- Task details:
Omit the pictures and print exactly the lines of the listing below, starting at the first and ending at the line containing "Adesivo Quadrado No".

- Information:

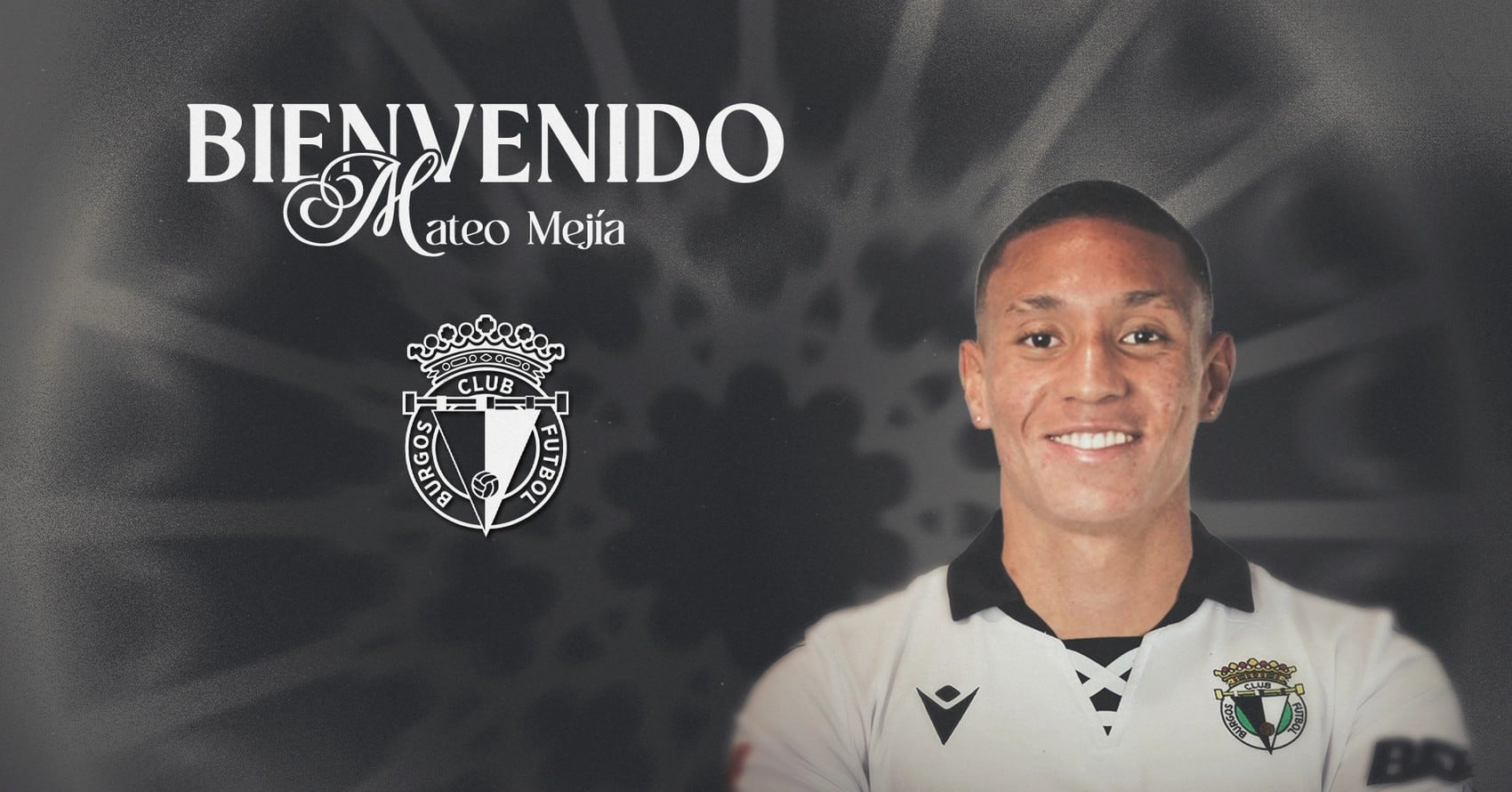 Creatividad del Burgos CF anunciando el fichaje de Mateo Mejía.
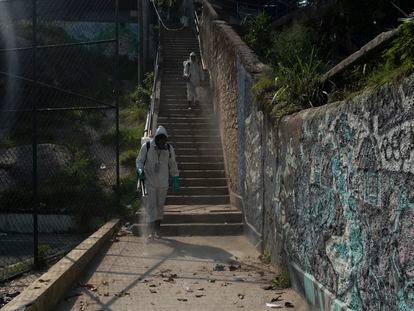 Personal sanitario desinfecta las calles de una favela en Río de Janeiro.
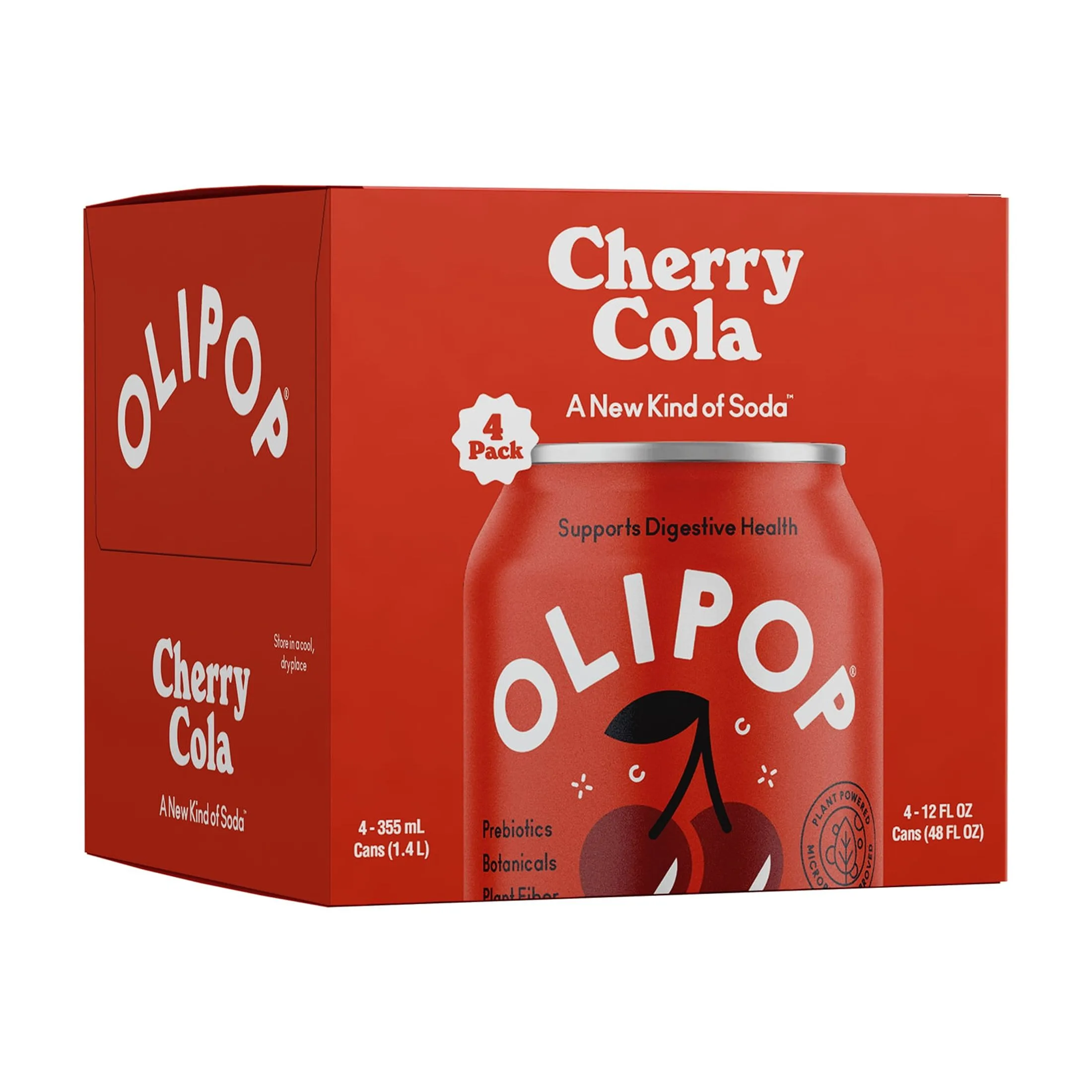 OLIPOP Prebiotic Soda, Cherry Cola, 12 fl oz, 4 Pack, Pantry Packs
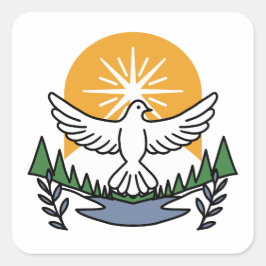 Adesivo Quadrado No espírito de Deus que levanta - fé e liberdade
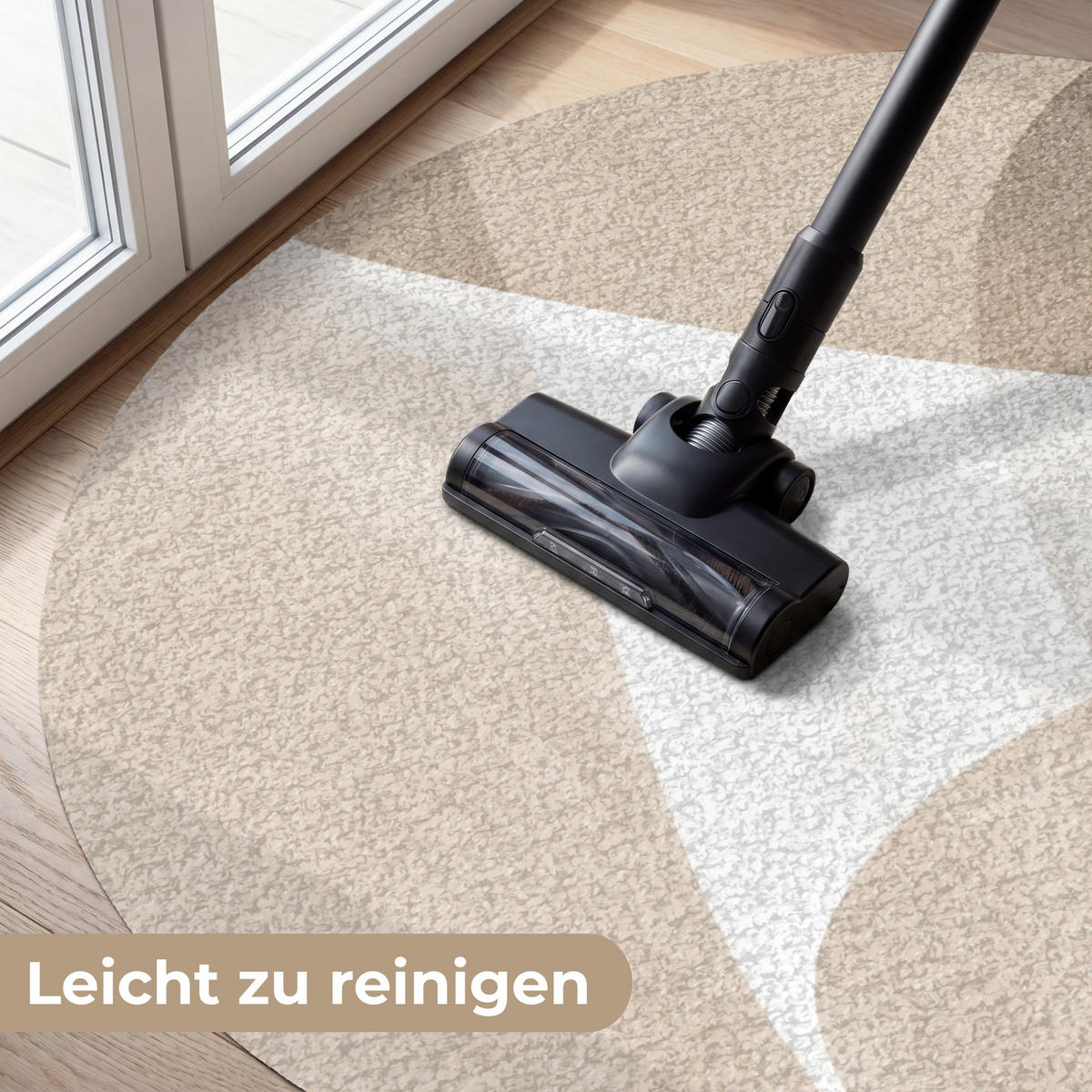 FUSSMATTE Glatte Oberflächen - Harmonisch - Wellenförmig Schmutzfangmatte 120x120 cm - Beige, Kunststoff (120/120cm) - MuchoWow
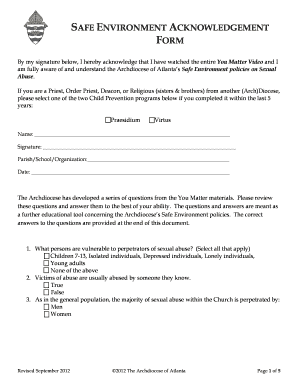 Safe Environment Acknowledgement Form
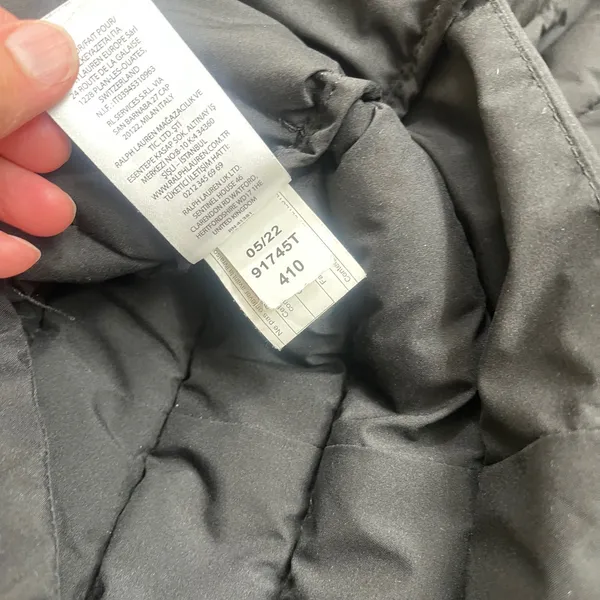 Lauren Ralph Lauren Womens Black Quilted Puffer Jacket BLACK LABEL Hood Size M - Image 4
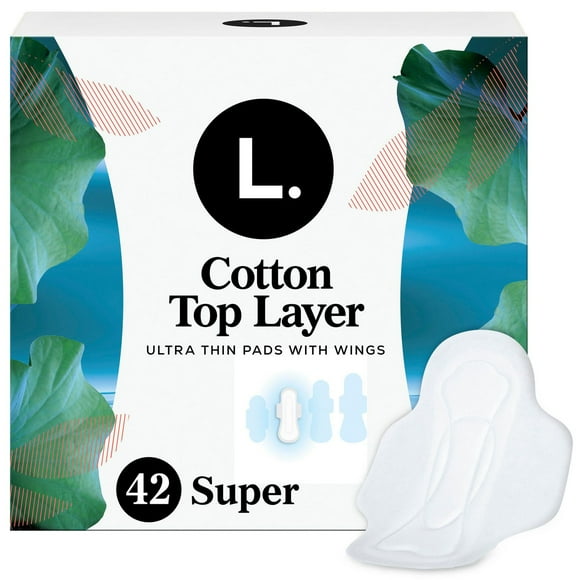 L. Ultra Thin Pads for Women, Super Absorbency, Organic Cotton Top Layer, Unscented Pads with Wings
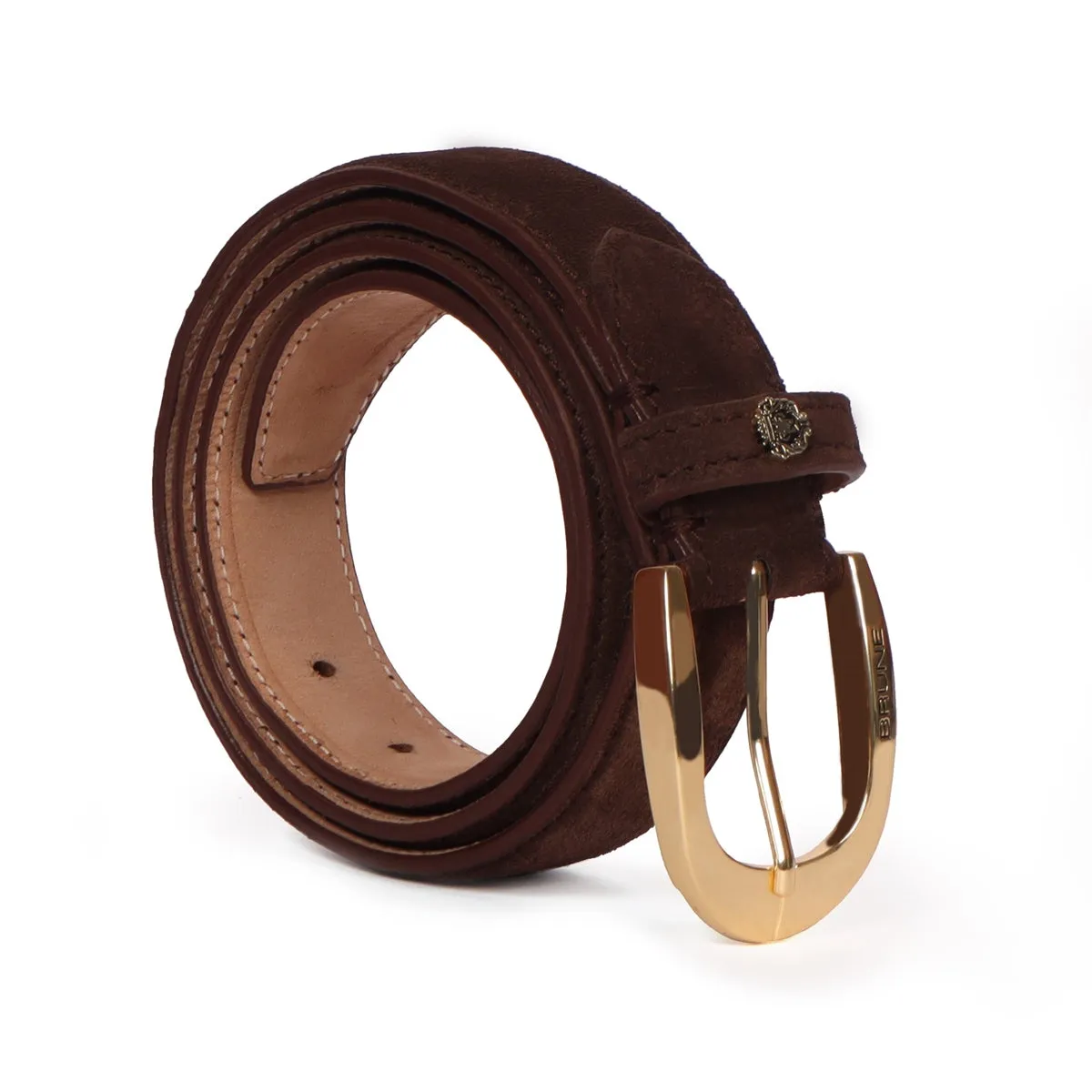 Mini Lion Dark Brown Suede Leather Oval Shape Buckle Men's Formal Belt By Brune & Bareskin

- Task result:
 Creatividad del Burgos CF anunciando el fichaje de Mateo Mejía.
 Personal sanitario desinfecta las calles de una favela en Río de Janeiro.
 OLIPOP Prebiotic Soda, Cherry Cola, 12 fl oz, 4 Pack, Pantry Packs
 Adesivo Quadrado No espírito de Deus que levanta - fé e liberdade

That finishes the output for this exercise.